The study mentioned also had consumption increasing by over 40%, which has not happened in any state, and overall the research data has been debunked by Stats.org the premier body for statistical analysis. The CDC report was so bad that Forbes did an article about it. 
Moving toward full privatization of wine and liquor sales in Pennsylvania would replace skilled jobs that provide financial security for thousands of families with a much smaller number of minimum-wage cashier jobs that don't protect public safety, improve customer service, or support families. 

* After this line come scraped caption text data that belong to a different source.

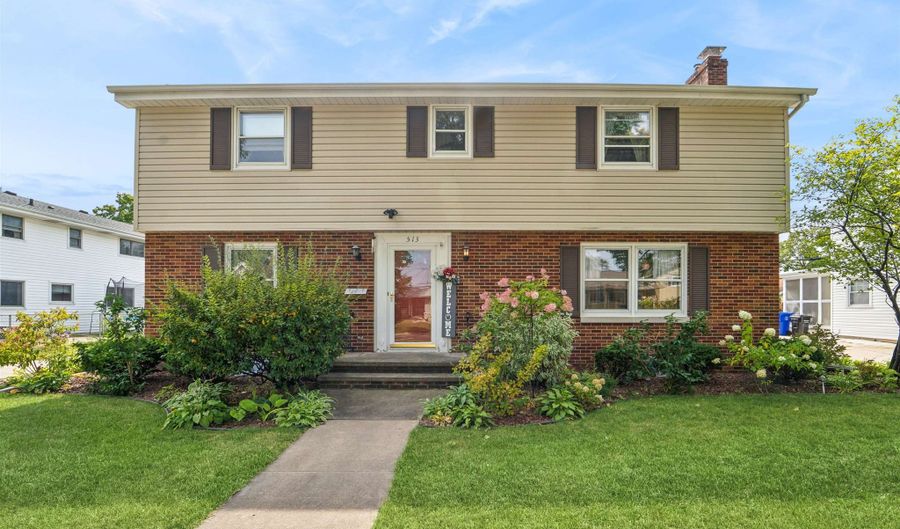 513 E GREENFIELD St, Appleton, WI 54911 - 4 Beds, 3 Bath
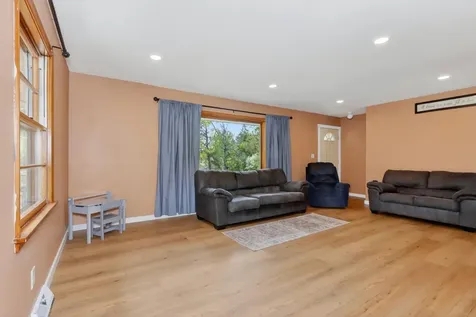 31356 2nd Street Pengilly MN 55775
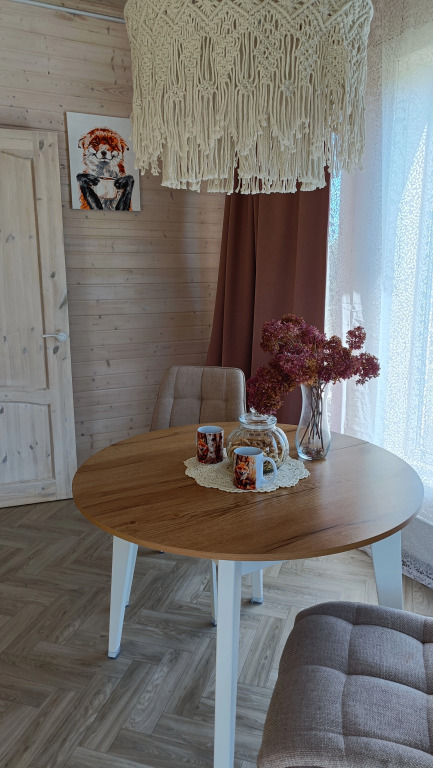 Частный дом картинка рядом с лесом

Currently State Stores are never checked for age compliance by the BLCE, but every licensed establishment is. A number of private stores selling beer and wine have 100% carding policy; the State Stores do not. Everybody that serves alcohol in a licensed establishment has to be RAMP certified; State Store clerks do not. 
Being a clerk in a liquor store is not a skilled job, but as already mentioned, employment in the industry tripled the the last places that fully privatized. Not a guarantee it will happen here but a good indicator. Keep screwing around with these "ass-backwards" measures (as Senator McIlhinney pungently put it) that only complicate the mess further, and things probably won't go as well.
This blind leap toward full privatization of wine and liquor sales comes without an examination of the public health and safety impacts, no evaluation of whether Pennsylvania consumers believe full privatization is necessary or desirable in the wake of recent consumer-friendly improvements, and with no accounting of what privatization will cost Pennsylvania workers and taxpayers. 
The citizens have never wanted the State Stores. In poll after poll, privatization or private retail has always won out. After over 40 years of the same result, do you really think the citizens will change their minds? The recent improvements simply show that full privatization is desirable. People want convenience that the PLCB can't provide. They want better pricing that the stores can't give them because they have to buy from the PLCB. They want the selection they see at stores on our borders - stores that stock more than the entire state has on the shelf.
Pennsylvania should be working to benefit and protect consumers and small businesses, not rigging the system to put one of the state's most important and lucrative assets in the pocket of a few huge corporations.
Since there are no small liquor store businesses now it seems that you are already rigging the system against them. Privatization can fix that. Who will get licenses and what type are up to you in the legislature. If you say only stores of 10,000 sq.ft., then guess what...only chains and big box stores will get licenses. If you allow specialty wine or liquor only licenses then you will see entrepreneurs opening that kind of shop or restaurant - something that PA doesn't have now.
The one size fits all thinking of the PLCB can't and shouldn't be applied. 
This isn't 1934 anymore. It's time to move forward, toward a license and regulation model that the majority of states use. Get out of retail and wholesale so the free market can do what it does best. Provide products based on the wants and needs of the consumer, not on what is allowed by the government.

Monday, May 1, 2017

Are Your Prices Variable Enough?

Just how much is the PLCB screwing us with "variable pricing"?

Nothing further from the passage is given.